How should we begin to think about large purposes? Whether we consider the present or the future, education at its best is first and foremost a moral and intellectual endeavor, always beginning with children and young people and their intentions and needs. By and large, though, we tend, in too many of our schools, to be more attentive to technical than moral and intellectual directions. Rather than education at its best, we are more often preoccupied with simply getting through the days and weeks.
There is, it seems, more concern about whether children learn the mechanics of reading and writing than grow to love reading and writing; learn about democratic practice rather than have
practice in democracy; hear about knowledge, essentially being in
settings where knowledge is dispensed, rather than gain experience
in personally constructing knowledge; engage in competition rather than learn the power of cooperation and collaborative thought; see the world narrowly, simple and ordered, rather than broad, complex, and uncertain; and come to accept the vested authority that exists around them in organizational structures and text rather than being helped to challenge such authority, able to bring a healthy skepticism to the world. Further, the belief that art and music—the aesthetic aspects of life—call for a special talent and are, therefore, open only to a few rather than being fully accessible to all is to ensure an uninspiring education, one that will surely miss too many of the moral and intellectual imperatives that surround children and young people.

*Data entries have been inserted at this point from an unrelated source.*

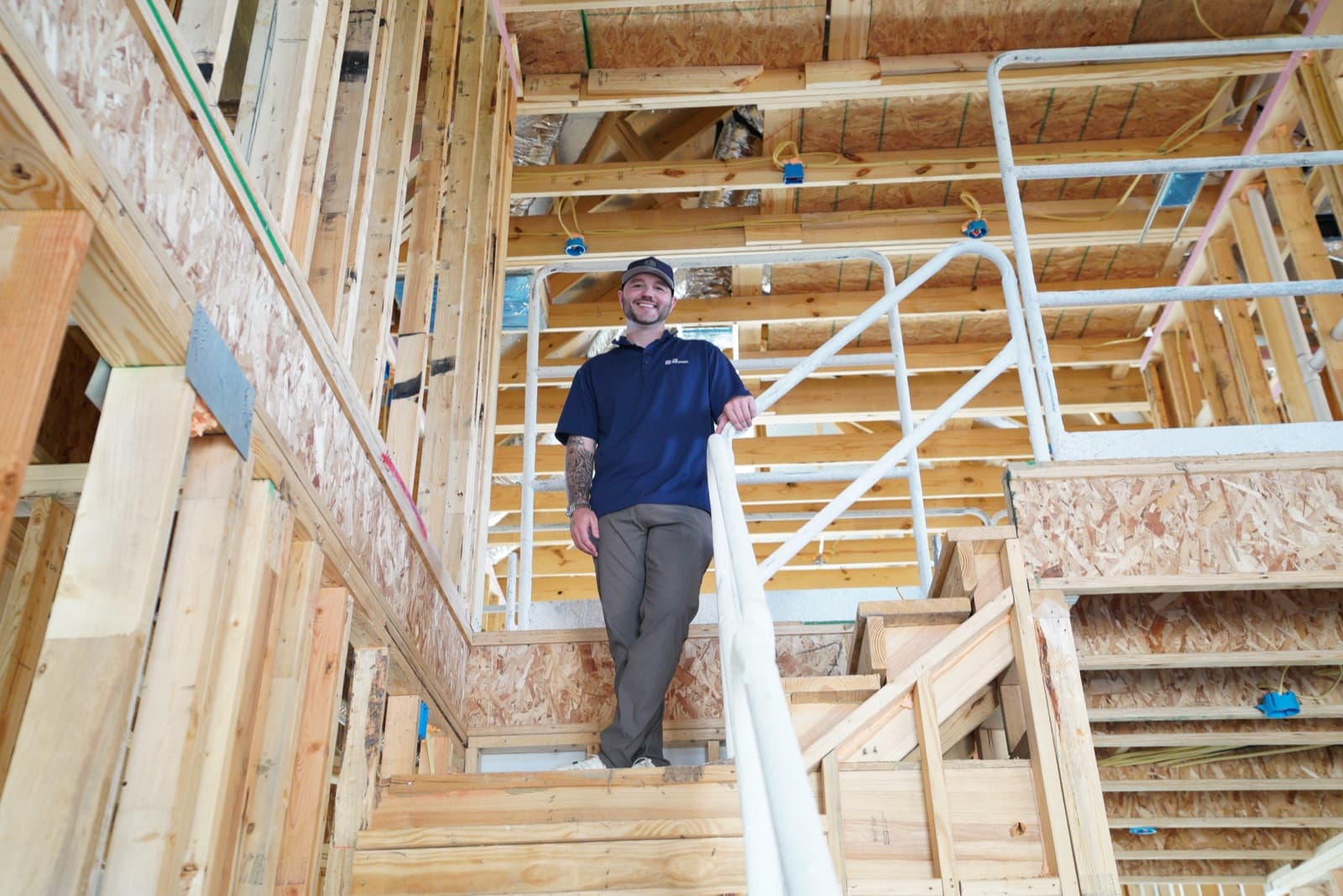 UnionMain Homes construction team member walking through a home in progress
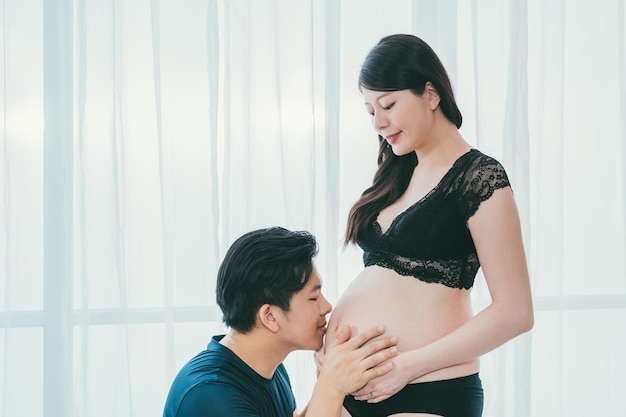 Asian chinese man smiling kissing pregnant wife belly with\
love. young future parenthood couple. male dad holding abdomen of\
sexy mom in black lingerie and pantie by window on happy fathers\
day.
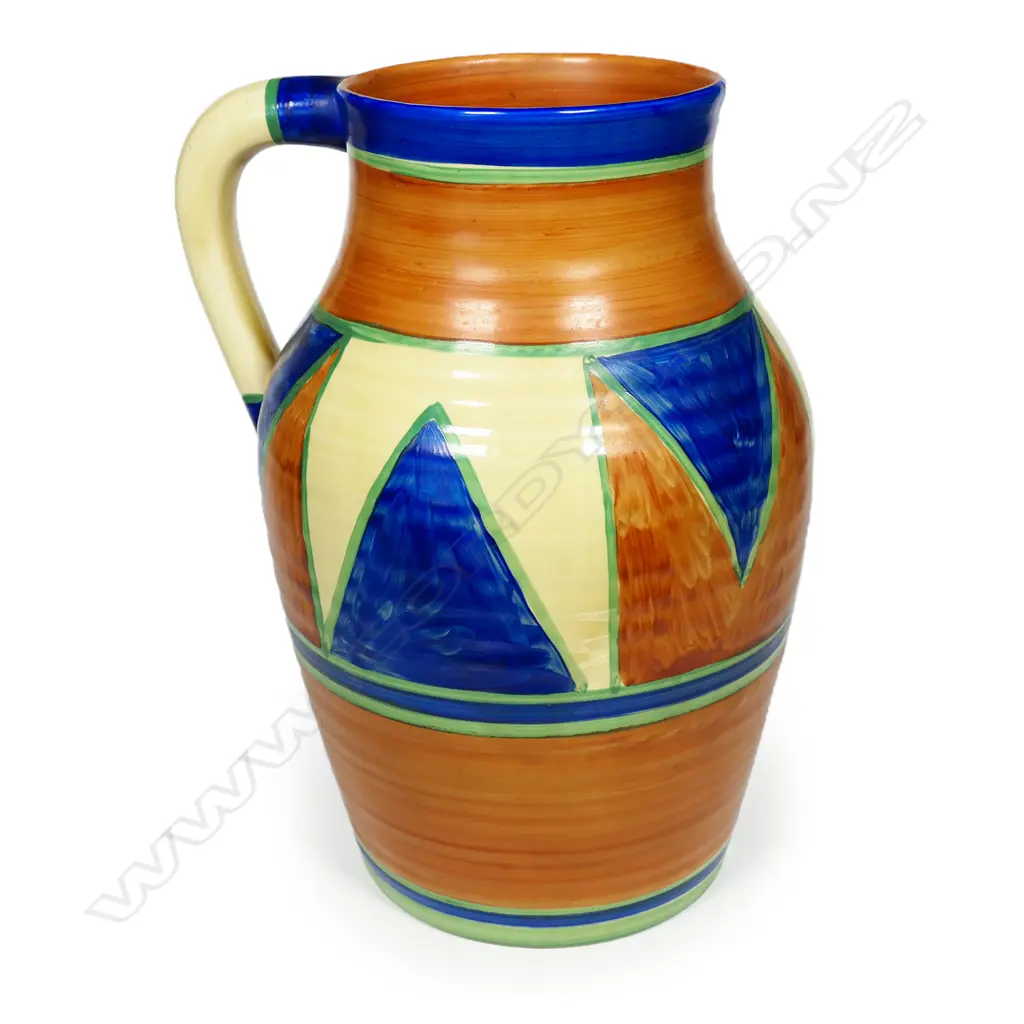 Clarice Cliff original Bizarre large Lotus jug - with a broad band of painted diamond design. Black printed marks to base. C.1929. Hairline crack to the top rim. H.290mm. Image 1++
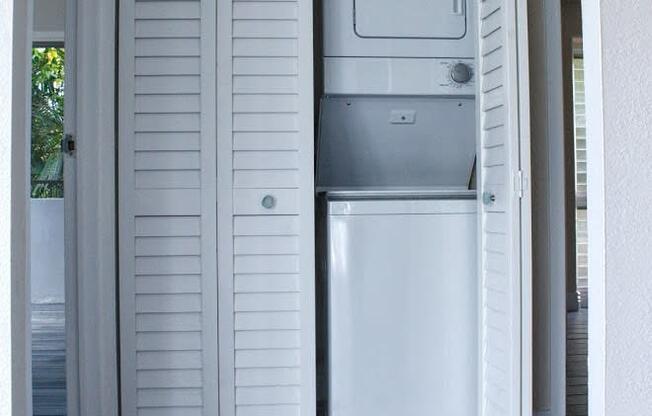 Napili Towers laundry closet with stackable machines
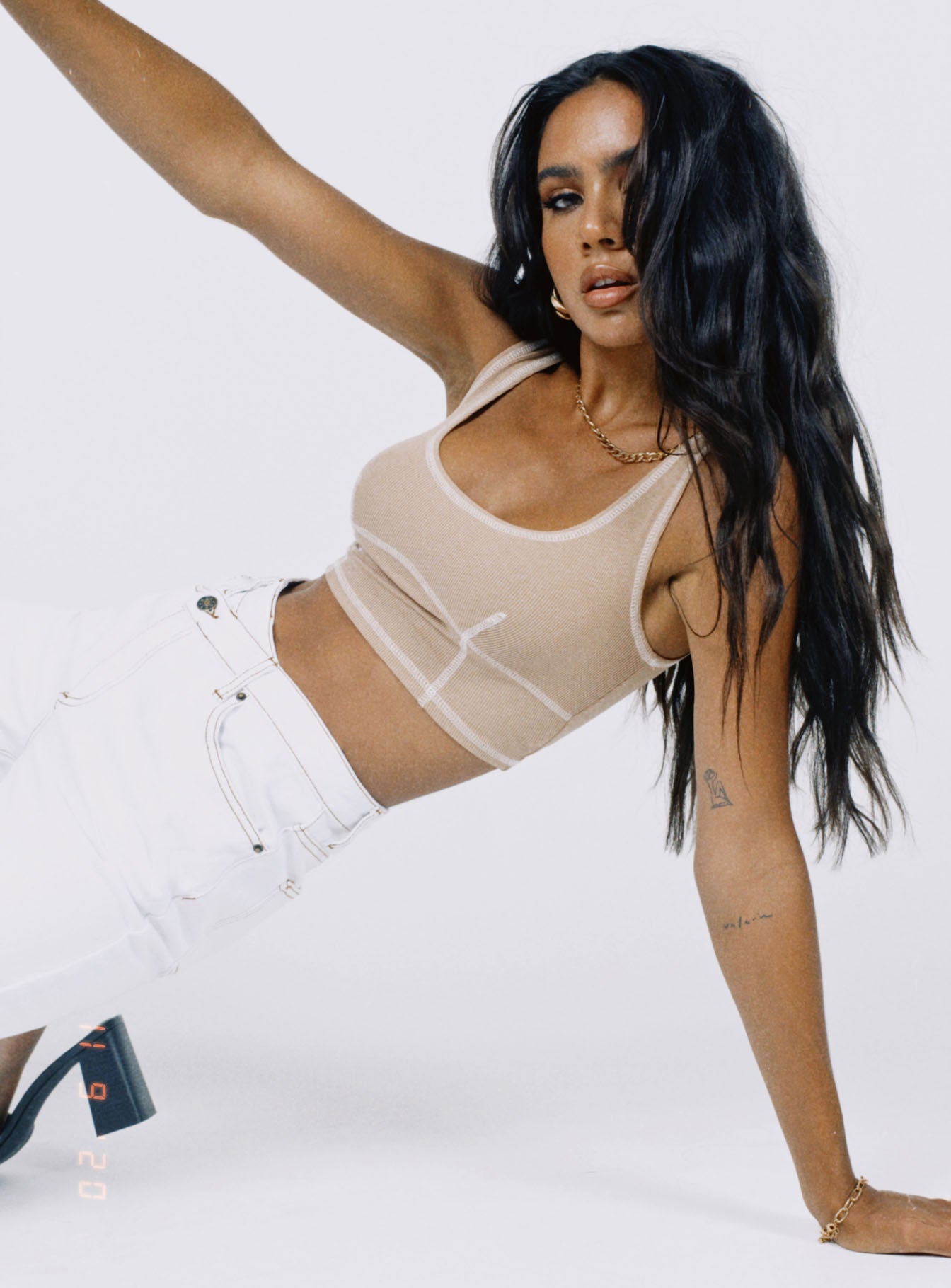 side view of model wearing Princess Polly Carl Top Beige 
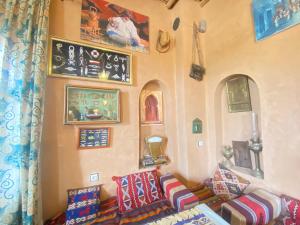 Postel nebo postele na pokoji v ubytování Riad Dar Barbara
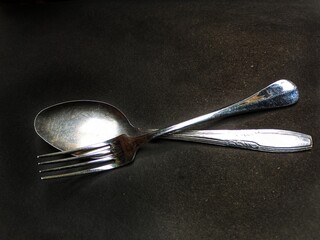 spoon and fork on black background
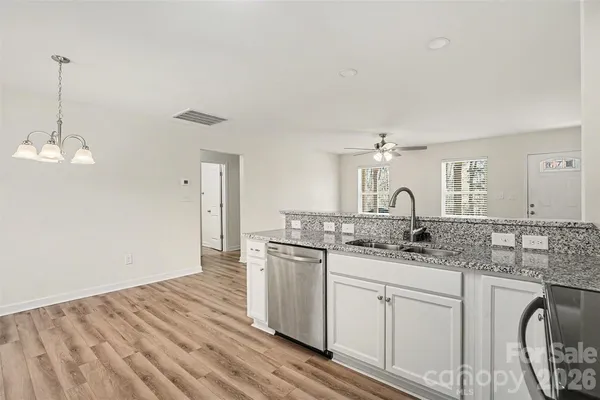 a kitchen with stainless steel appliances granite countertop a sink stove and white cabinets with wooden floor
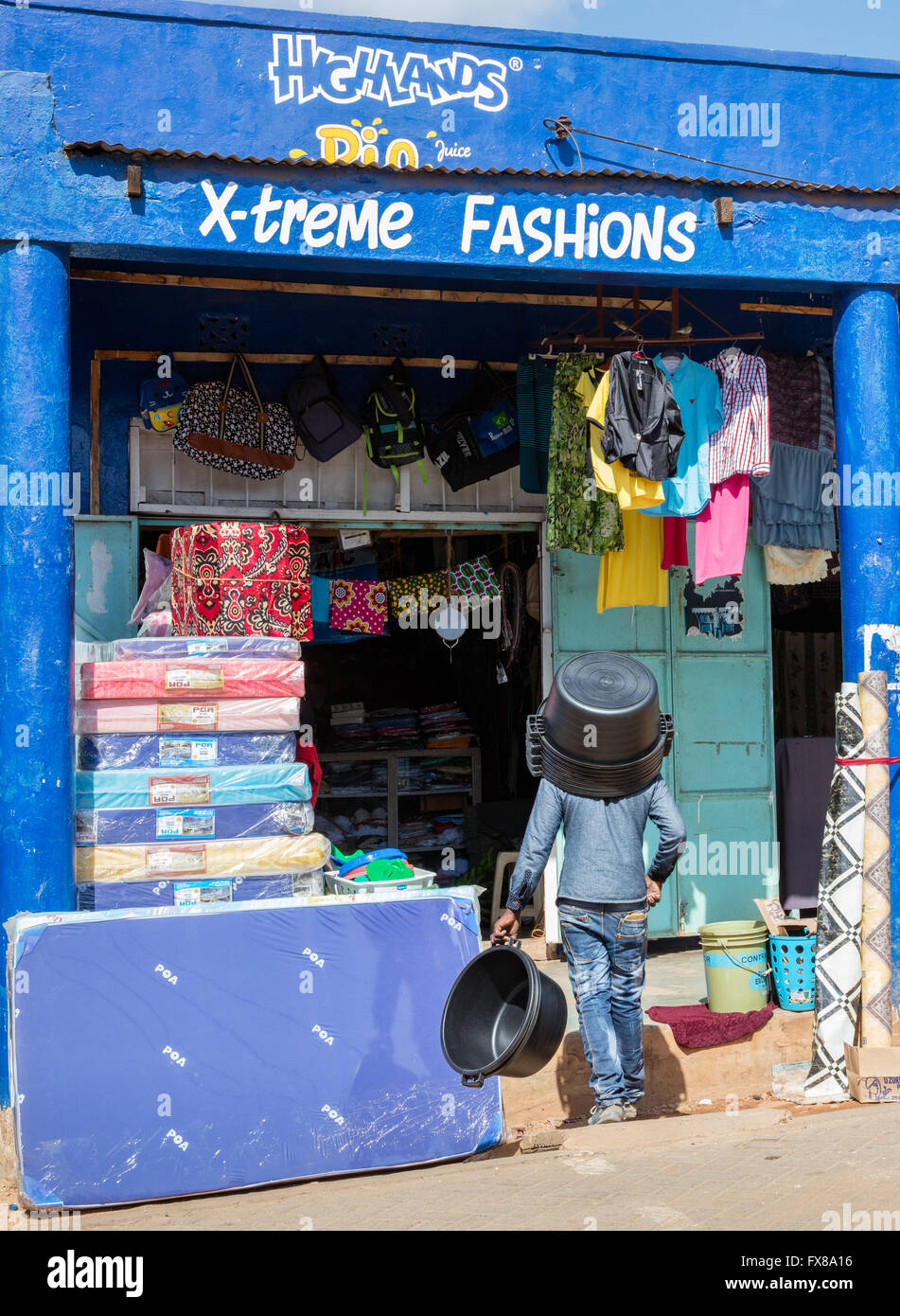 Un uomo che indossa una grande ciotola di polietilene come un cappello nel sole caldo al di fuori di un negozio di moda in Voi il Kenya meridionale Foto Stock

In regard to the arts, their limited presence in most schools is clearly symbolic of how fully technical formulations have come
to dominate school practice. There was a time when easels could be found in most classrooms through grade three, in some settings through grade six. They are virtually gone, no longer common even in kindergarten. Why aren’t the arts central to every child’s education, seen as a critical bond linking math, science, social studies, and literature? How can we be serious about learning and say there isn’t time for the arts? I have cited the arts as they are so visibly lacking and at their best so nontechnical.